Crawled caption data
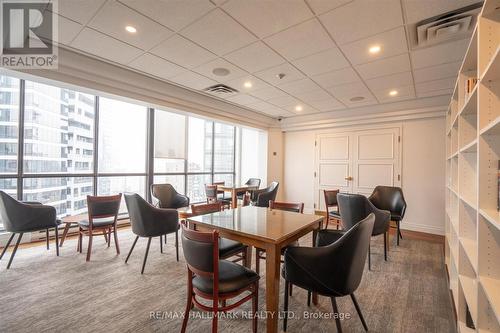 613 - 24 Wellesley Street W, Toronto, ON - Indoor Photo Showing Dining Room
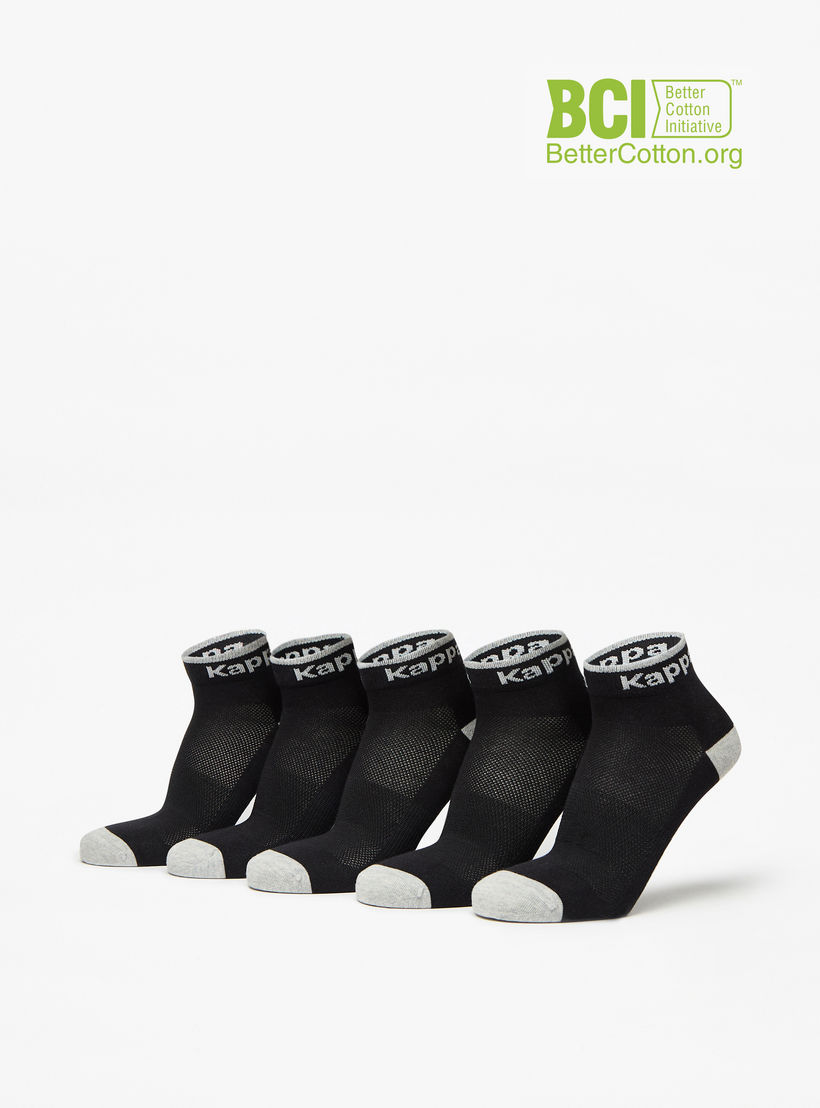 طقم جوارب رياضية 5 أزواج بطول متوسط وطبعات الشعار من كابا-men-socks-image-1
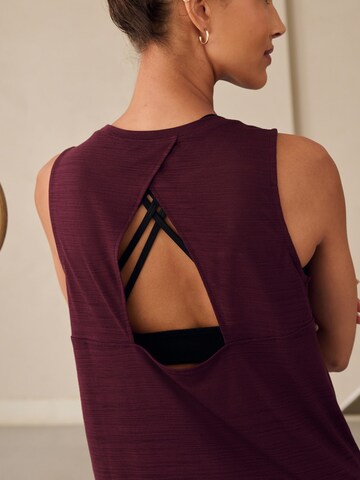 Top sportivo di Next in rosso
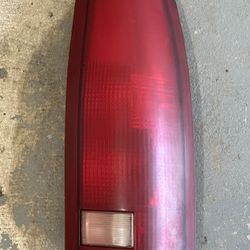 Brake light 92-99 Yukon Tahoe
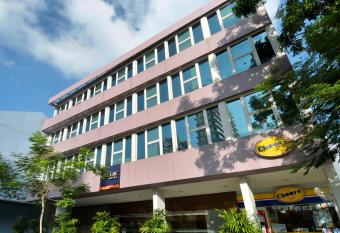 Value Hotel Balestier allows 18 year olds to book a room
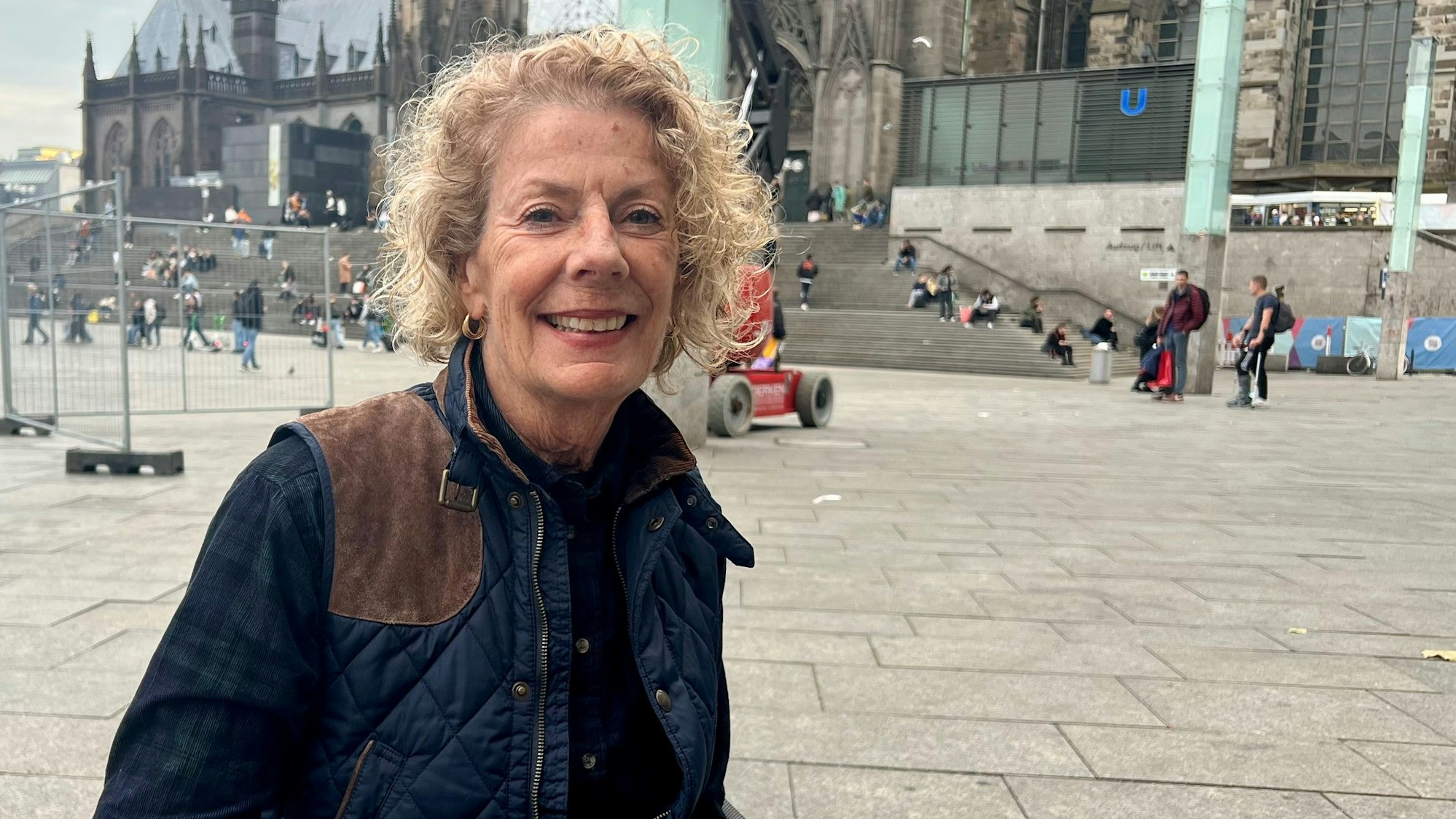 Die Touristin Betty Judge aus Sussex in England erzählt, was ihr in Köln aufgefallen ist.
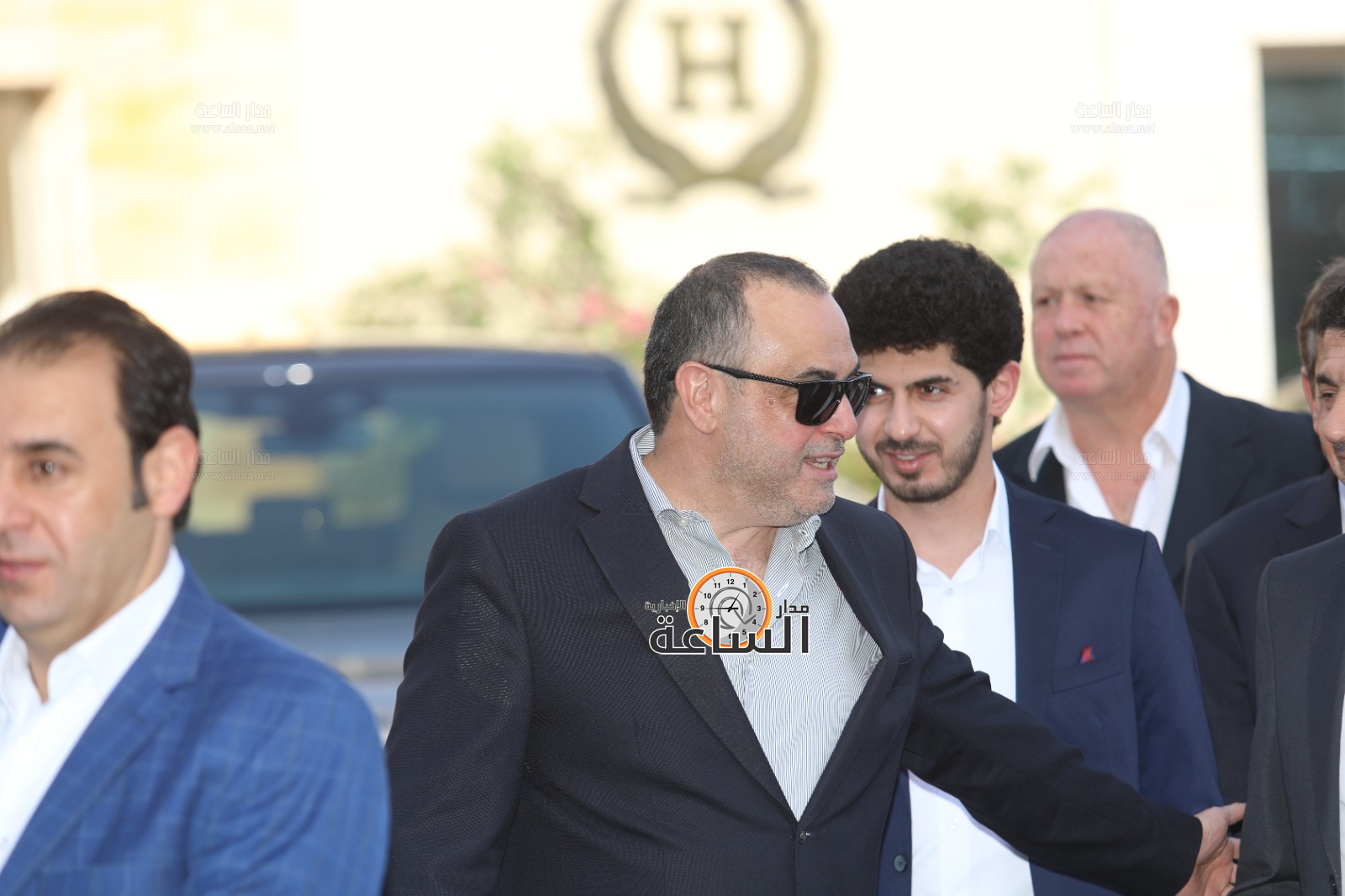 Madar Al-Saa Images 0.9842234354077182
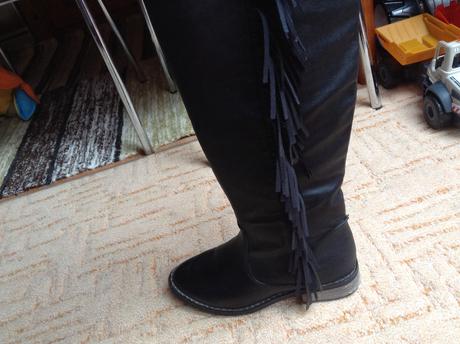 Prechodne strapcove čižmičky, 38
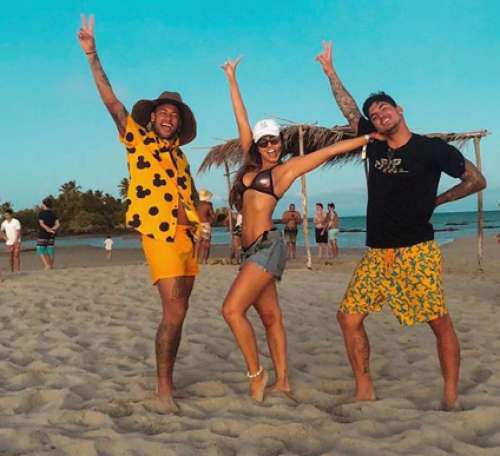 Neymar posta foto ao lado da namorada de Zé Felipe e o cantor rebate: ‘se tivesse essa bola toda era melhor do mundo’ Neymar posta foto ao lado da namorada de Zé Felipe e o cantor rebate: ‘se tivesse essa bola toda era melhor do mundo’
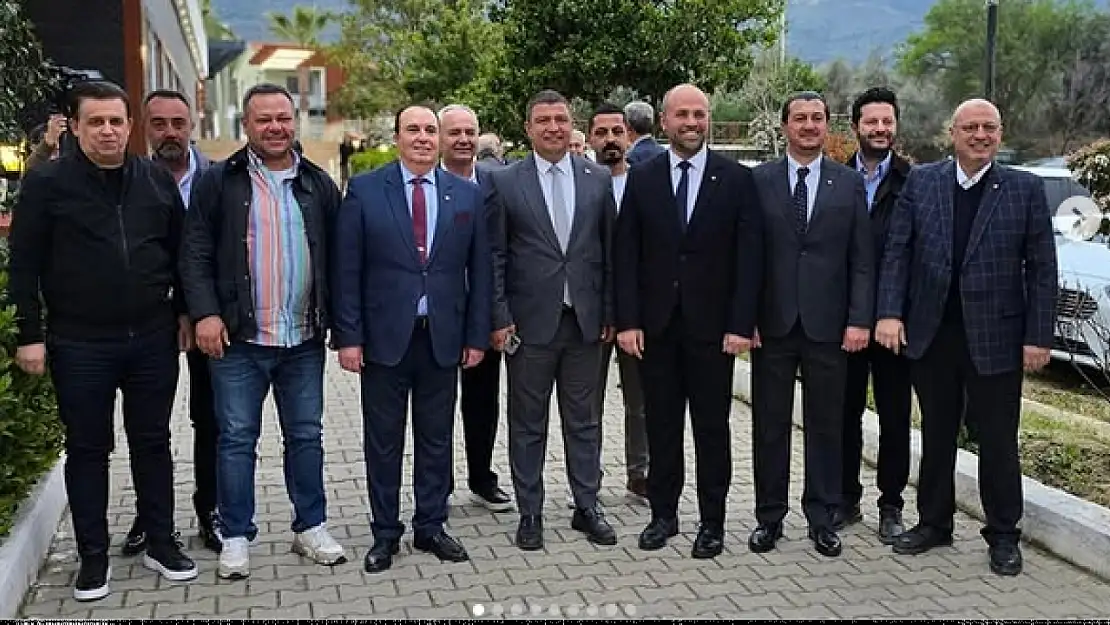 Tire iş dünyası iftarda buluştu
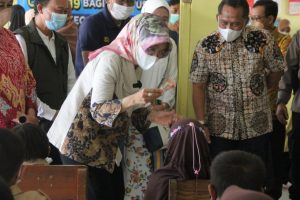 Vaksinasi Anak Usia 6-11 Tahun di Kabupaten Cirebon Dimulai, 230 Anak Divaksin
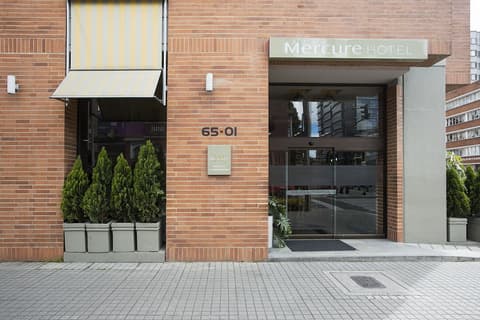 Mercure BH Zona Financiera, Property entrance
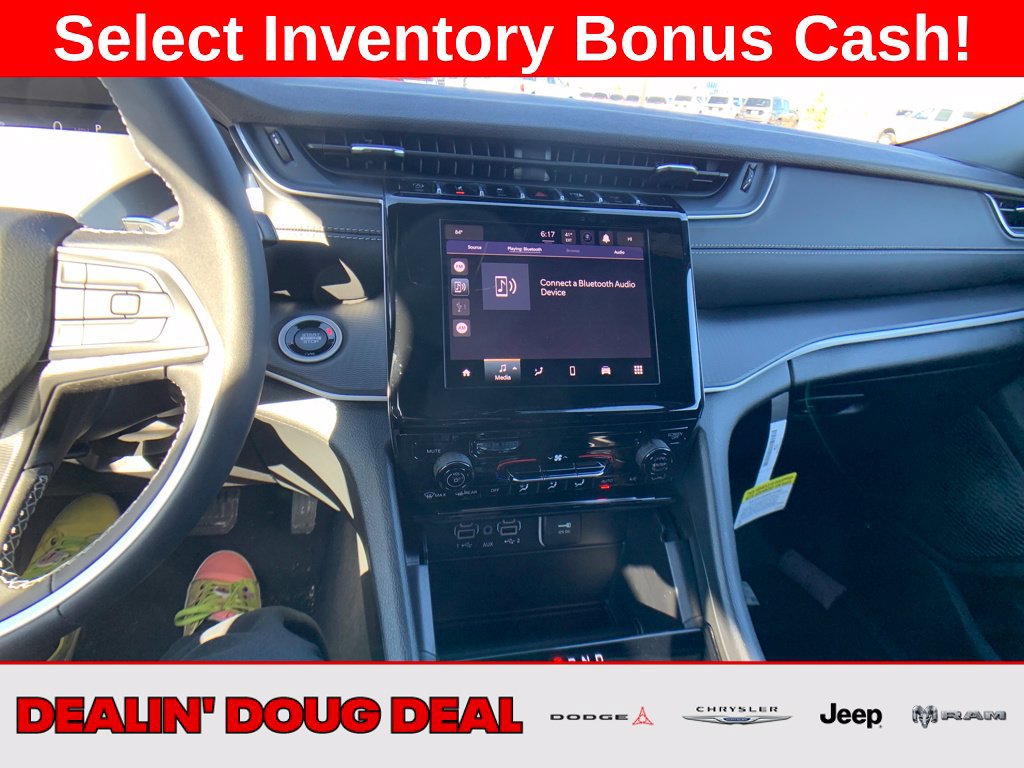 New 2026 Jeep Grand Cherokee Laredo AWD/4WD image 17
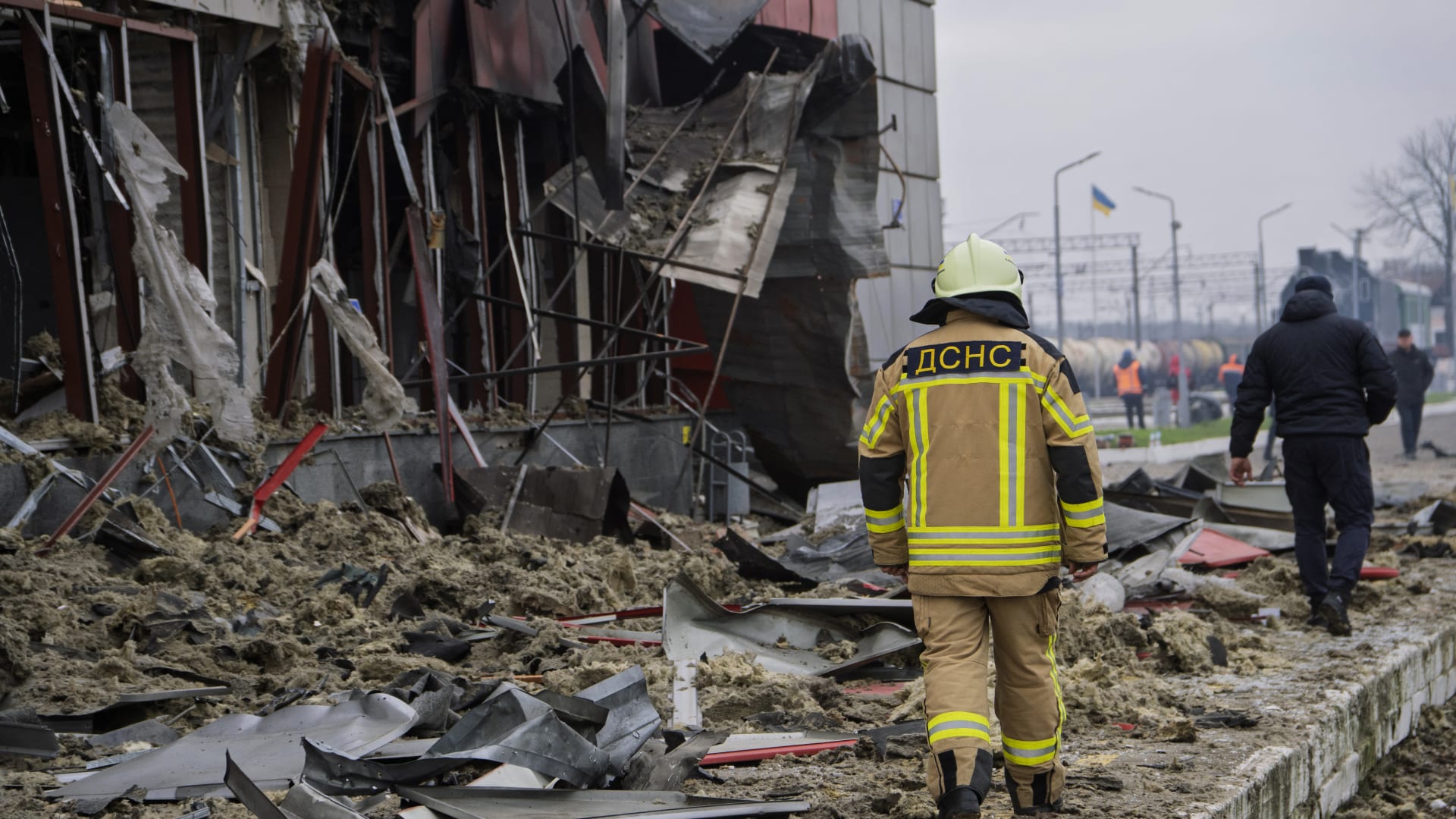 الجيش الأوكراني يعلن استهدافه إحدى أكبر مصافي النفط الروسية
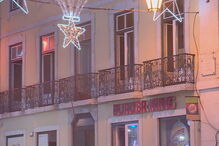 Incêndio consome prédio do Burger King no Chiado em Lisboa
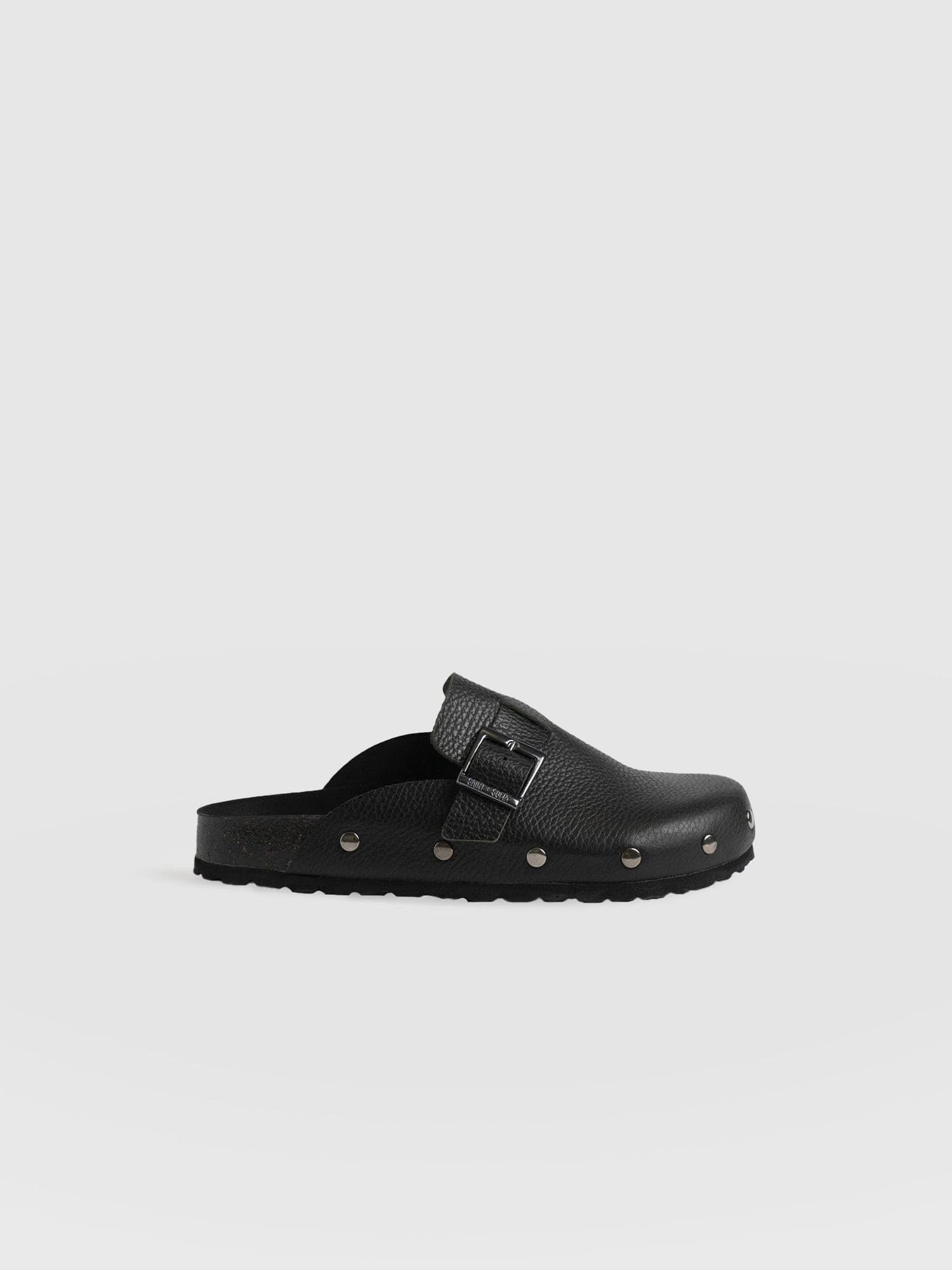 Studded Clogs Black - Women's Shoes | Saint + Sofia® EU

#### What you are asked to do:
Your task is to restate word for word the lines from the top of the data to the line containing "Prechodne strapcove čižmičky, 38", both ends included, with every picture left out.

#### Reply to the task:
 613 - 24 Wellesley Street W, Toronto, ON - Indoor Photo Showing Dining Room
 طقم جوارب رياضية 5 أزواج بطول متوسط وطبعات الشعار من كابا-men-socks-image-1
 Top sportivo di Next in rosso
 Brake light 92-99 Yukon Tahoe
 Value Hotel Balestier allows 18 year olds to book a room
 Die Touristin Betty Judge aus Sussex in England erzählt, was ihr in Köln aufgefallen ist.
 Madar Al-Saa Images 0.9842234354077182
 Prechodne strapcove čižmičky, 38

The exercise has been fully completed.